Selbst in der CDU schütteln immer mehr auch hohe Funktionäre den Kopf über ihre verbohrte Chefin. Das ist besonders auffällig. Denn bisher bestand die Stärke Merkels darin, dass sie sich als alternativlos verkaufen hat können, weil sie jeden potenziellen Konkurrenten totgebissen oder totgestreichelt hat, von Friedrich Merz bis Wolfgang Schäuble.
Inzwischen aber setzt sich auch in der CDU die Überzeugung durch, dass wirklich jede Alternative besser ist als die ehemalige DDR-Jugendfunktionärin und ihre Politik. Denn fast alle wissen: Mit Merkel und ihrem Kurs sind die nächsten Wahltriumphe für die AfD (auch) auf Kosten der Union absolut unvermeidlich geworden.
Klar muss freilich noch etwas ganz anderes sein: Auch wenn sich Seehofer mit seinem jetzigen Projekt durchsetzen sollte, ist das Anwachsen des Problems noch lange nicht gelöst. Deutschland, Europa werden noch viel, viel mehr tun müssen.
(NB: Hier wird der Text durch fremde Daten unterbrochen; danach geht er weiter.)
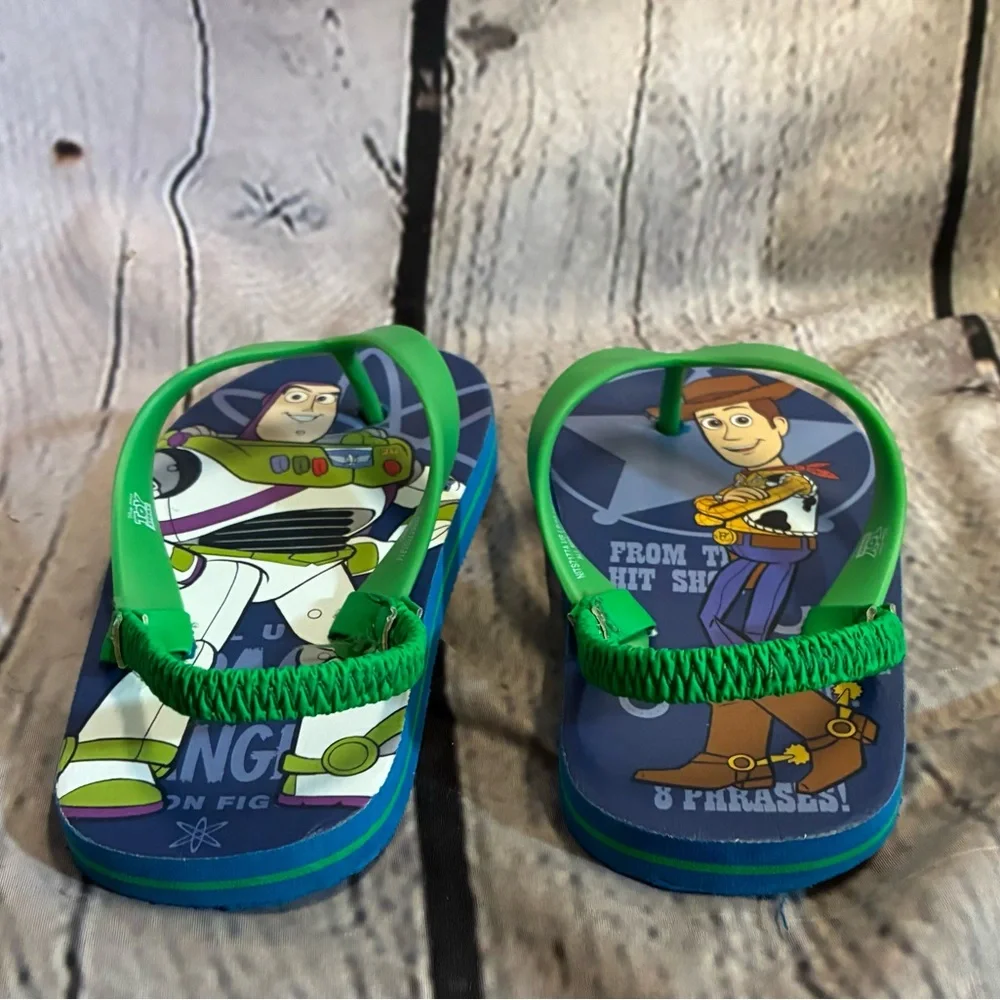5/$20 Disney Pixar Toy Story Toddler‎ Buzz Lightyear Woody Flip Flops Sz L 9/10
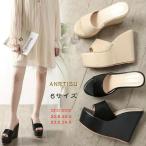 14センチ サンダル レディース 歩きやすい 旅行 厚底 ウェッジソール ミュール サボ 白 黒 コンフォートサボサンダル レディース オープントゥ フラットフォーム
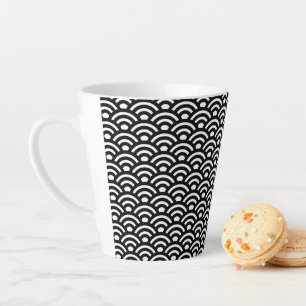 Seigaiha, Wellen, Japanisch, Schwarz und Weiß Milchtasse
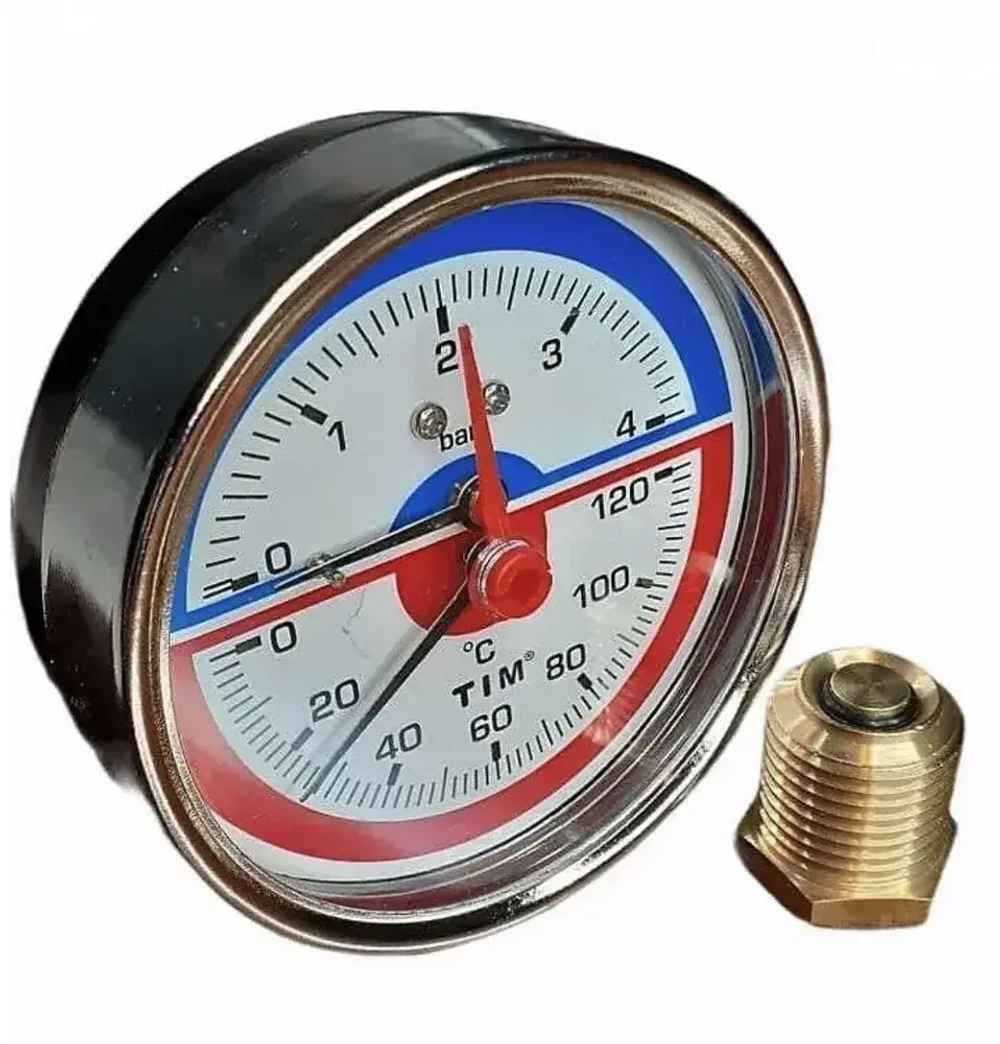Термо-манометр аксиального подключения 1/2" - 6 бар, 80 мм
Aber Europas Linke und Linksliberale, insbesondere Frau Merkel in Berlin und Herr Macron in Paris, haben genau diesen Weg vermauert. Bisher.
PS: Wäre nicht die Abweisung Zehntausender "Flüchtlinge" durch Deutschland an der bayrisch-österreichischen Grenze für Österreich ein wachsendes Problem? Prinzipiell ja, aber Österreich müsste dann halt seinerseits an all – all! – seinen Südgrenzen haargenau das gleiche praktizieren. Das würde auf dem Balkan einen positiven Dominoeffekt früherer Kontrollen ausüben. Das würde in Italien dazu führen, dass man die Reise solcher Schlepperboote wirklich unmöglich macht.